***** AVAILABLE DATA *****

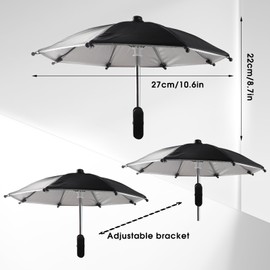 Framad 2 PCS Cell Phone Umbrella Sun Shade Clip, Mini Umbrella for Phone, Black Pink Bracket with Clip for All Smartphones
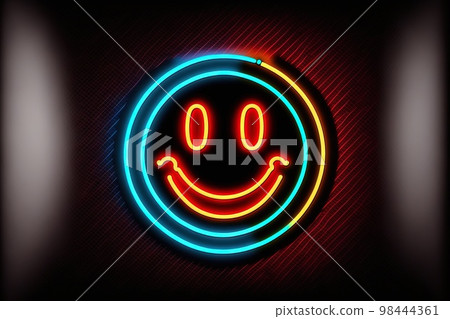 Smile. icon emoticon Neon Illustration On Black Background genrative ai 98444361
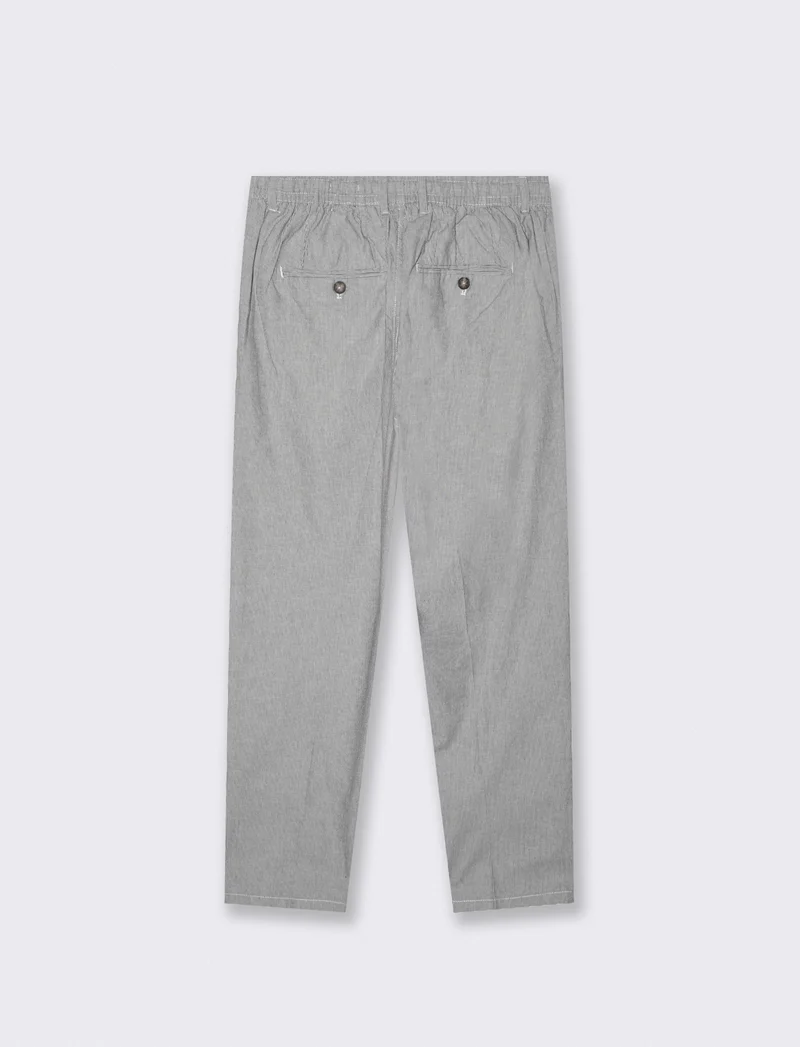 Pantaloni Chino Jogger Misto Lino Rigati - Blu
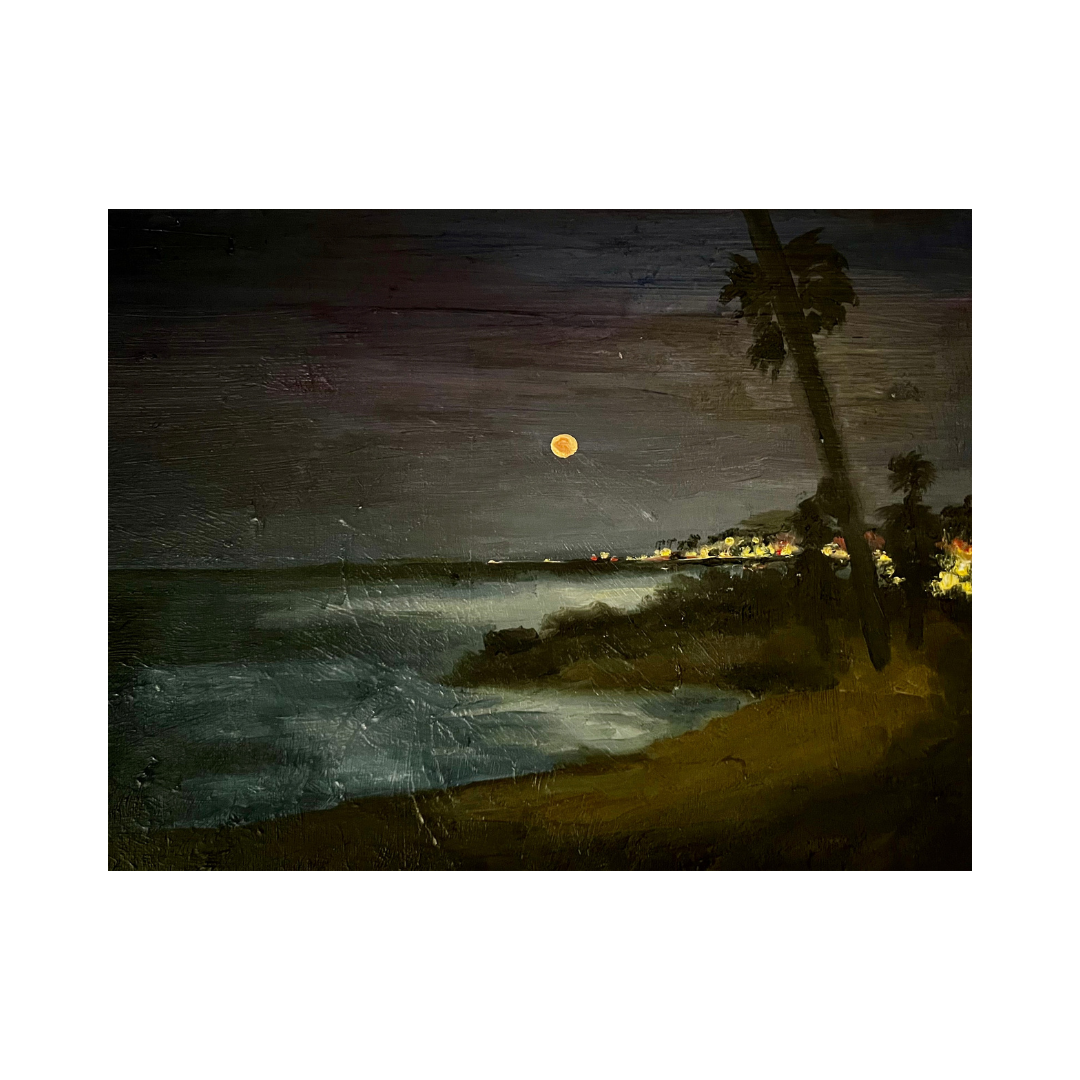 Night scene of a California beach under a dark sky with a bright moon, leaning palm trees, and a distant shoreline with lights.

*****

▶ [WORK REQUIRED]: In your copy, omit the pictures and restate every line of the data word for word.

▶ [TASK OUTPUT]:
 Framad 2 PCS Cell Phone Umbrella Sun Shade Clip, Mini Umbrella for Phone, Black Pink Bracket with Clip for All Smartphones
 Smile. icon emoticon Neon Illustration On Black Background genrative ai 98444361
 Pantaloni Chino Jogger Misto Lino Rigati - Blu
 Night scene of a California beach under a dark sky with a bright moon, leaning palm trees, and a distant shoreline with lights.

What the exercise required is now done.